Previous scholarship has tended to isolate either the sculptures or the inscribed bases of honorific monuments and examine them separately, that is, art historically or epigraphically, respectively. Removed from the archaeological, spatial, and historical contexts, these approaches are fundamentally flawed in that they ignore at least half of the monuments as a whole, and therefore do not consider the most immediate display context. When components are found and studied in isolation, as is overwhelmingly the case, it may indeed appear that portrait heads are divinely inspired by a Christian god, statue bodies are wearing priestly costumes and holding attributes loaded with religious meaning, and honorific inscriptions are overrun with Christian crosses and direct appeals to God. However, the components of honorific monuments were deliberately combined by a single agent and were intended to be received as a single statement, and thus should be similarly studied together for full comprehension.

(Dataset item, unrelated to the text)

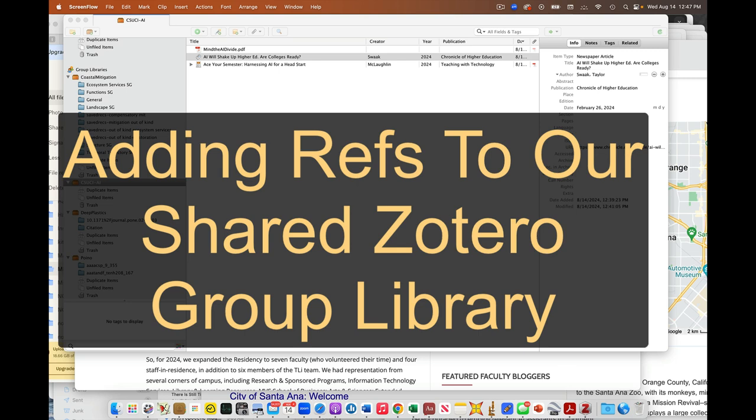Hey guys, I wanted to show you how, since it sounds like both of you are new to Zotero, we can use these group libraries. You should have gotten an email about membership, and this is our particular library. I have many. You'll just have one.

This project draws its dataset of portrait heads, statue bodies, and inscribed bases from the excellent database of the Last Statues of Antiquity project, directed by R.R.R. Smith and Bryan Ward-Perkins at Oxford University. My dataset includes evidence from across the Roman world, dating from 284 to 550 CE. This chronological range encompasses the primary core of the late antique statue habit. In order to more closely study the interactions between politics and religion, the identity of the honorands has been restricted to isolate the main players in late antique politics. Therefore, monuments honoring women, athletes, deities, personifications, and heroes, emperors, and the imperial family have been excluded.

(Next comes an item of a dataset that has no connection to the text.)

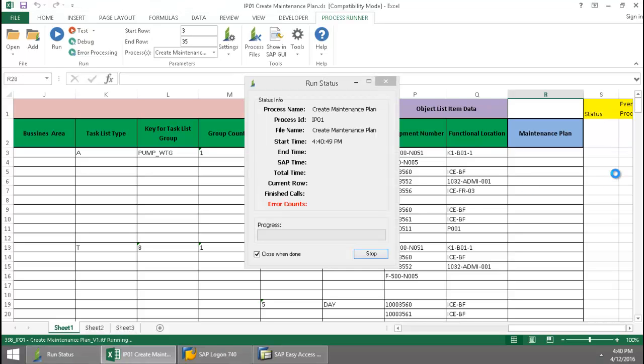Here on the right side, the SAP messaging is going to write directly to the Excel spreadsheet. You can see it's beginning to populate.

My examination of the religious and political imperatives communicated by late antique honorific monuments is divided into three sections. In the first section, I examine the physical evidence independently by component: portrait heads (Chapter II), statue bodies (III), and inscribed bases (IV). This is appropriate as they are most often found alone and detached from the other parts of the honorific monument, and very few of them can be positively and reliably reattached to their constituent components. While similar studies have already been conducted on portraits and bodies, the compilation of the honorific inscriptions from this period is novel, and has yielded surprising insights into late antique administration, linguistics, and social structure. In the second section, I examine the only six monuments Empire-wide that can be reliably reconstructed with head, body, and base as test cases against the much larger corpus of disassembled pieces (V). The combination of complementary and contrasting identities, the mix of new and reused materials, and the varied historical and social contexts they represent produce complex and surprising composites. In the last section, I extend the results of the six test cases to the larger body of disarticulated elements in order that they might be understood and examined as a cohesive body of evidence, within their literary, archaeological, and especially historical and religious contexts (VI).

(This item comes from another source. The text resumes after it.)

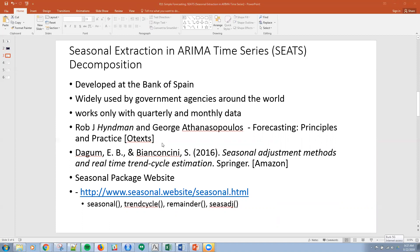Let me give you a couple of references. There's Hyman and — I'm not even going to try to pronounce the co-author's name — you can reference this via OTEX. A lot of this SEATS conversation you can also find in a book by Dagum and Bayan Consini, which you can find on Amazon. We're going to be using the Seasonal Package today and do something very simple. We used this last time for X11 as well. You can find more information there, and some of the functions available within this package are listed here.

This dissertation reaches three main conclusions: 1) while the disparate components of honorific monuments are almost always found separately, sheer numbers indicate that they were all part of the same honorific dialogue and should therefore be studied as a cohesive whole; 2) when the components are recombined, the late antique honorific monument was overwhelmingly political in nature, and was not concerned with openly telegraphing religious affiliation, but rather tends to avoid the question; and 3) elite players may not have immediately chosen sides because they were not actively devoted to one religion over another, or more interestingly, because religious ambiguity was socially and politically useful. Contrary to the traditional scholarship that still posits religious extremism and the cultural crush of Christianity across all realms of life, I argue that the landscape was less polarized and more mediated, and that religious identity was more fluid than we once might have thought.